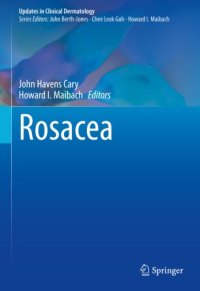 cover of the book Rosacea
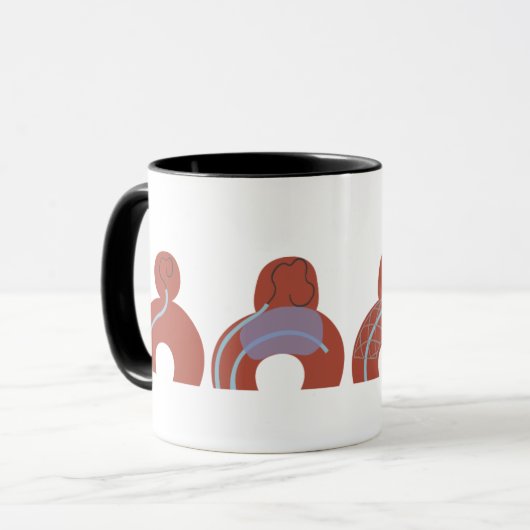Mug de Aneurismas マグカップ (正面左)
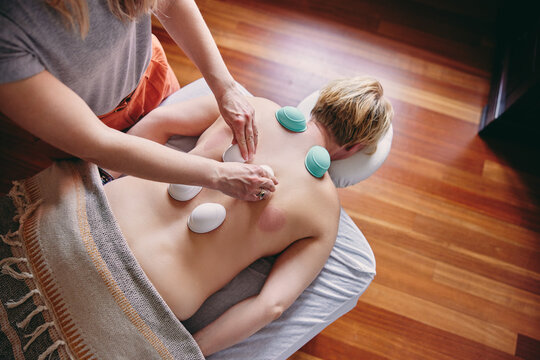 Female therapist doing a cupping treatment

::::

What the exercise asks
The pictures are to be omitted, and the rest of the listing is to be transcribed exactly.

Problem solution
 cover of the book Rosacea
Mug de Aneurismas マグカップ (正面左)
 Female therapist doing a cupping treatment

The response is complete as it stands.